§ Activity:
Line by line, transcribe the data below exactly and pass over the images.

(Provided data)

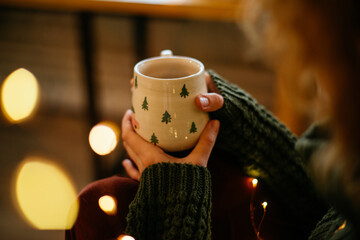 Christmas mug held in woman hands, capturing the cozy holiday spirit. Close-up of woman hands...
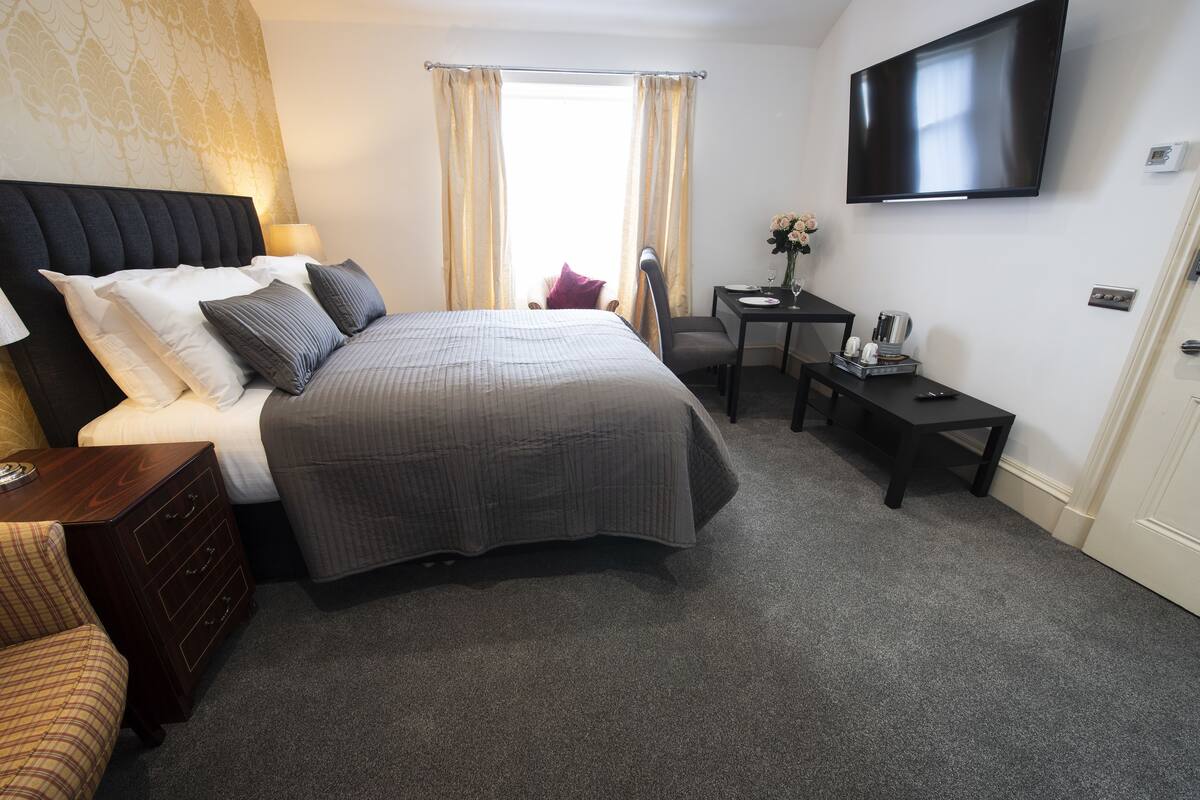 A hotel room with a large bed, a desk, a chair, a TV, and a window with curtains.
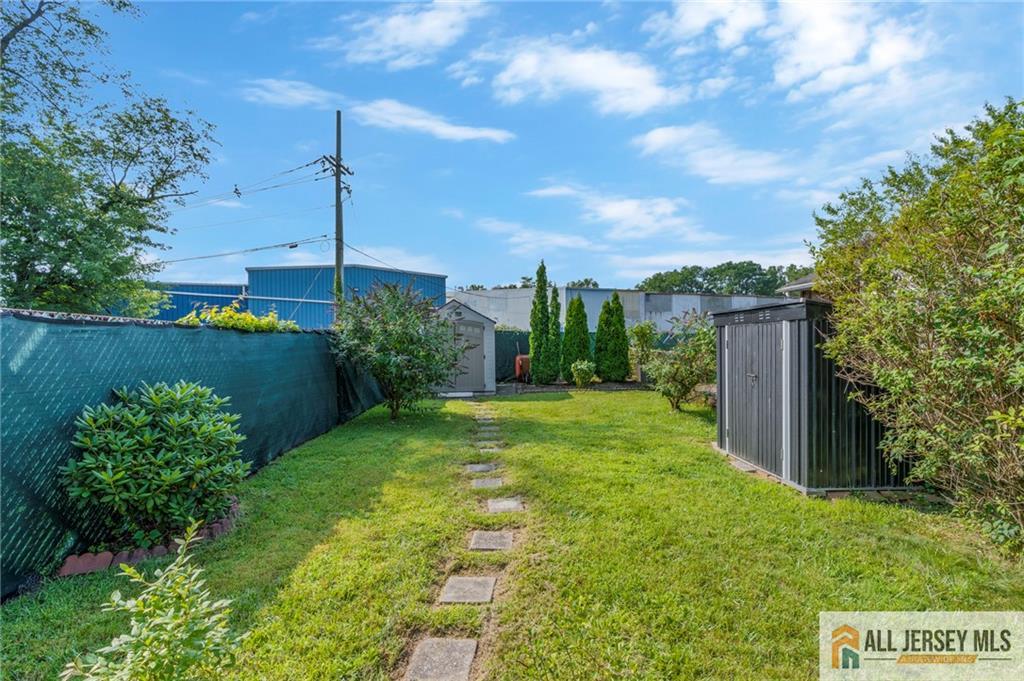 114 Runyon Avenue Middlesex, NJ 08846 - Photo 29 of 34 a view of a garden with a tree in the background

(End Provided data)

§ Written reply:
 Christmas mug held in woman hands, capturing the cozy holiday spirit. Close-up of woman hands...
 A hotel room with a large bed, a desk, a chair, a TV, and a window with curtains.
 114 Runyon Avenue Middlesex, NJ 08846 - Photo 29 of 34 a view of a garden with a tree in the background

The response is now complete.